Saho's mother. She oftentimes isn't seen, but when she is shown it is helping to run the dojo or doing laundry for the family after Kengo allows her and Saho to move into the dojo.
- Momotaro (桃太郎, Momotaro)

Saho's little dog. He oftentimes is found barking. He senses when warriors from Nepos Angelis arrive and acts as a warning voice should a bone adept not be around.
- Anna Christine (アンナ·クリスティー, an'na kurisutī)

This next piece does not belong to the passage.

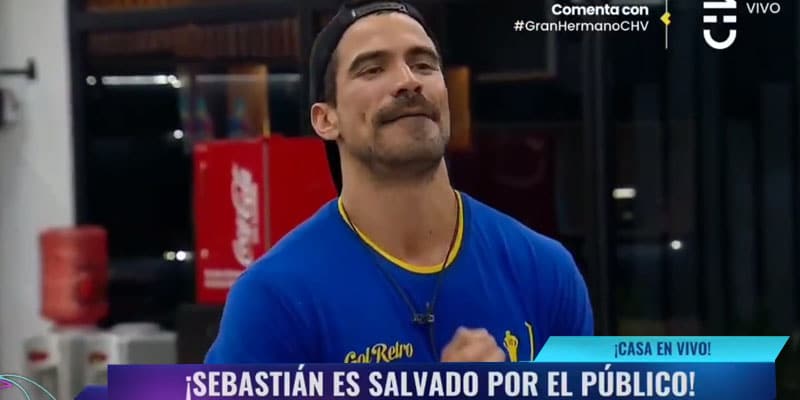 ¡Increíble sorpresa en Gran Hermano! Sebastián Ramírez es salvado y Twitter se equivoca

The Assistant Director of the Melbourne Lab. Anna often comes up with weapons to help fight bone fighters once they are in bone form, but she also tries to act as the most cautious voice when it comes to attacking the unknown.
- Director Higashio (東尾, higashio)

The Director of the Melbourne Lab. He was the head bone researcher who rescued Victor and Gregory from a war savaged country before they were accepted by Wolf and Tiger. He is usually drunk and believes his words can provide anyone hope.
- Leonard (レナード, renādo)

The leader of all bone research team for The Lab, both in Melbourne in Australia. He takes multiple trips to Japan whenever new bone data is unlocked to update his records. Currently he's working with Chie Ryuujin to try and unlock the final form of the cocoon and master the hidden powers of Majin Bone. He acts like a typical mad scientist and is nicknamed the demon scientist because of the tests he comes up with.
- Ian (イアン)

The Director of the Los Angeles Lab and Luke's father.
- Chie Ryuujin (竜神智恵)

The mother of Shougo. She is also the head researcher for cocoon technology for bone research. At a young age she saw visions of the Nepos Angelis Council attacking when Shougo got older, and she knew the Earth would be destroyed if she couldn't come up with technology to counter it. Chie spends her time in space working on the cocoon's, which have to be made in zero gravity. She isn't able to talk with any of her family, outside of Shougo when he is at one of the labs, but she has vowed to return to be with them when the Earth is finally safe.

==Anime==

===International Broadcasts===
In the Philippines aired premiere January 22 until July 23, 2017, on GMA Network.